Table 22 Newtonian Ideal Gas problems Runtime Options¶
Option	Description	Default value	Unit
`-stab`	Stabilization method (`none`, `su`, or `supg`)	`none`
`-Ctau_t`	Stabilization time constant, \(C_t\)	`1.0`
`-Ctau_v`	Stabilization viscous constant, \(C_v\)	`36, 60, 128 for degree = 1, 2, 3`
`-Ctau_C`	Stabilization continuity constant, \(C_c\)	`1.0`
`-Ctau_M`	Stabilization momentum constant, \(C_m\)	`1.0`
`-Ctau_E`	Stabilization energy constant, \(C_E\)	`1.0`
`-div_diff_flux_projection_method`	Method used to calculate divergence of diffusive flux projection (`none`, `direct`, or `indirect`)	`none`
`-div_diff_flux_projection_ksp*`	Control the KSP object for the projection of the divergence of diffusive flux	N/A
`-cv`	Heat capacity at constant volume	`717`	`J/(kg K)`
`-cp`	Heat capacity at constant pressure	`1004`	`J/(kg K)`
`-gravity`	Gravitational acceleration vector	`0,0,0`	`m/s^2`
`-lambda`	Stokes hypothesis second viscosity coefficient	`-2/3`
`-mu`	Shear dynamic viscosity coefficient	`1.8e-5`	`Pa s`
`-k`	Thermal conductivity	`0.02638`	`W/(m K)`
`-state_var`	State variables to solve solution with. `conservative` (\(\rho, \rho \bm{u}, \rho e\)), `primitive` (\(P, \bm{u}, T\)), or `entropy` (\(\frac{\gamma - s}{\gamma - 1} - \frac{\rho}{P} (e - c_v T),\ \frac{\rho}{P} \bm{u},\ -\frac{\rho}{P}\)) where \(s = \ln(P\rho^{-\gamma})\)	`conservative`	string

Newtonian Reference State Options¶

These options set the Newtonian reference state.
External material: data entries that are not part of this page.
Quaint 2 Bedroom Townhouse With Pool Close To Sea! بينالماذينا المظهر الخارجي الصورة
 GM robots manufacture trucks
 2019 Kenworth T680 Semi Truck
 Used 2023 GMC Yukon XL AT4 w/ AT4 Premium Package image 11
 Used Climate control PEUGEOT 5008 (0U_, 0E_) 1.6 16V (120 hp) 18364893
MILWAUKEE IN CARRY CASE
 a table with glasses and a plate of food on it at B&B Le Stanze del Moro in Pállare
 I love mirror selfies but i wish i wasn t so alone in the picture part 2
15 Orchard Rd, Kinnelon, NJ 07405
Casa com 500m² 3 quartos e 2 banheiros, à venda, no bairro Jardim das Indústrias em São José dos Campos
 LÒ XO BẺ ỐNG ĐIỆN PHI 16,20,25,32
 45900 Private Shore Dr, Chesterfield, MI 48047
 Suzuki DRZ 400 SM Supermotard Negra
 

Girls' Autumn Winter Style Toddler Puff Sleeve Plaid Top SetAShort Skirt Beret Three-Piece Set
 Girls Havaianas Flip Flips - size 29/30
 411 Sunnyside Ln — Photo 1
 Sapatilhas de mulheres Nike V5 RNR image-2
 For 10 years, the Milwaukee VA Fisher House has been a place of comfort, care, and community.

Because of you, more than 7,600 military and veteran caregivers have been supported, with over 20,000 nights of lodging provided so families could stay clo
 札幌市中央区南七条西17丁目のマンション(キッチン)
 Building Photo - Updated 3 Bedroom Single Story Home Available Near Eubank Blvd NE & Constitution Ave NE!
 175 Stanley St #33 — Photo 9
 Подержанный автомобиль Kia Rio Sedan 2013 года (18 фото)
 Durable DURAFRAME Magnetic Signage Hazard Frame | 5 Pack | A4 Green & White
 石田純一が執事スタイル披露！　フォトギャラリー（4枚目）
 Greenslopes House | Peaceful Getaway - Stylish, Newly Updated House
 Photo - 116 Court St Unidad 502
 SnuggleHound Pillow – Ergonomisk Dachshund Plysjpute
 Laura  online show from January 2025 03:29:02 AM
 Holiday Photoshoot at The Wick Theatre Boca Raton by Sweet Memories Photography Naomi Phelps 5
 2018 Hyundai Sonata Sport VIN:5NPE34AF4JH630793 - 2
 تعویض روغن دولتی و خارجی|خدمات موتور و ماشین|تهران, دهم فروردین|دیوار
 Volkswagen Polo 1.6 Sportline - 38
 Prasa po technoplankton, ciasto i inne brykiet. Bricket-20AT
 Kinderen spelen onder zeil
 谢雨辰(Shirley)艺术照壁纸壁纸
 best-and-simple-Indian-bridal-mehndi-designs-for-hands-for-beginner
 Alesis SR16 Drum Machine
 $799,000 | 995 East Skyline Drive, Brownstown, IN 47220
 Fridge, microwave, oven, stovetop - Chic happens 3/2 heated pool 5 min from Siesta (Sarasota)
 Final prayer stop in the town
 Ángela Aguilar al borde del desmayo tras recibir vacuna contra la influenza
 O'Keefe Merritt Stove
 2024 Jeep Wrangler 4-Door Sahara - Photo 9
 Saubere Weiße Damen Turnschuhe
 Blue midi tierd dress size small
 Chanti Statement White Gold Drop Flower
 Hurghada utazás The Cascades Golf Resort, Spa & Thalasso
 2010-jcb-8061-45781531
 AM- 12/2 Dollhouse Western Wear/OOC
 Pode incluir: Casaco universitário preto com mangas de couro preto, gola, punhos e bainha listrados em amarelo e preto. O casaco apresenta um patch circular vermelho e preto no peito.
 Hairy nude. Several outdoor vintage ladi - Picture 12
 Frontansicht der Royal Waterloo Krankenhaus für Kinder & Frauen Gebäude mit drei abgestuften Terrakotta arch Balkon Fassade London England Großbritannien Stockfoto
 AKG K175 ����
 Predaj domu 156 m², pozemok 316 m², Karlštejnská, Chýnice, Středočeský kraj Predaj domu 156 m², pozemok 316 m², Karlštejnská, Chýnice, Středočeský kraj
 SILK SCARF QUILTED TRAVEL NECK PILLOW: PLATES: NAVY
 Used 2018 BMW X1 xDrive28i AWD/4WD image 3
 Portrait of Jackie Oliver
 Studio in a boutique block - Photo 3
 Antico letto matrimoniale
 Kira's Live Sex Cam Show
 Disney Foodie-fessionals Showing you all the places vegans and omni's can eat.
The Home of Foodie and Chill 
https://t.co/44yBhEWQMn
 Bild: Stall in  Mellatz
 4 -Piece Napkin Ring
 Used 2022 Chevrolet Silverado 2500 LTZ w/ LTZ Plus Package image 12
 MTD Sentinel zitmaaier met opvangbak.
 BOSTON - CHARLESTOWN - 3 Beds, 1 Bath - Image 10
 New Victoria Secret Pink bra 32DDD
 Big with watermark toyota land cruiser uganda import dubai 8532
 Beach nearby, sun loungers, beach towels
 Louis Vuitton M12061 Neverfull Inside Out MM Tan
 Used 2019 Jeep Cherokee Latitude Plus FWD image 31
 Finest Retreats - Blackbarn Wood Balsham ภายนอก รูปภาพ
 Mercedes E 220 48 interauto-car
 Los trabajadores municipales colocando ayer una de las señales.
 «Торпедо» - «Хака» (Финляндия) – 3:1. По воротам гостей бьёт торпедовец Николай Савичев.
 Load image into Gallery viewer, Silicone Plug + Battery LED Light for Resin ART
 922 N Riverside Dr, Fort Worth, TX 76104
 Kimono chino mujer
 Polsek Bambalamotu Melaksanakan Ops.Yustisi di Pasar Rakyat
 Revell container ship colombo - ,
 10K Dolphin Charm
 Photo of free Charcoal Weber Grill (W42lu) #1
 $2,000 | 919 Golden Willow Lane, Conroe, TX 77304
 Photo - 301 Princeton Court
Table 23 Newtonian Reference State Runtime Options¶
Option	Description	Default value
`-reference_pressure`	Reference/initial pressure. Also used as the default for `-ic_boundary_layer_wall_pressure`.	`1.01e5`
`-reference_velocity`	Reference/initial velocity (3 values). Also used as the default for `-ic_boundary_layer_wall_velocity`.	`0,0,0`
`-reference_temperature`	Reference/initial temperature. Also used as the default for `-ic_boundary_layer_wall_temperature`.	`288.15`

YAML vs Command line options¶

Options for HONEE and PETSc can be given by either command line options or via a YAML file. Command-line flags can be represented in a YAML file by removing the leading - and by allowing underscores (_) to be converted into a hierarchy of options (so that options with redundant prefixes can be more easily grouped together). For example,

-dm_plex_shape zbox -dm_plex_box_faces 10,12,4 -dm_plex_box_bd none,none,periodic

could be represented as

dm_plex:
  shape: zbox
  box:
    faces: 10,12,4
    bd: none,none,periodic

A YAML file of options can be passed to HONEE via -options_file <yaml file>. Overriding of options are done in the order that HONEE/PETSc reads them. Given the following YAML file:

# ./options.yaml
option_a: 1

Running

navierstokes -option_a 2 -options_file options.yaml

will result in option_a == 1, but

navierstokes -option_a 2 -options_file options.yaml -option_a 3

will result in option_a == 3.

See PETSc documentation for more advanced uses of the yaml file system.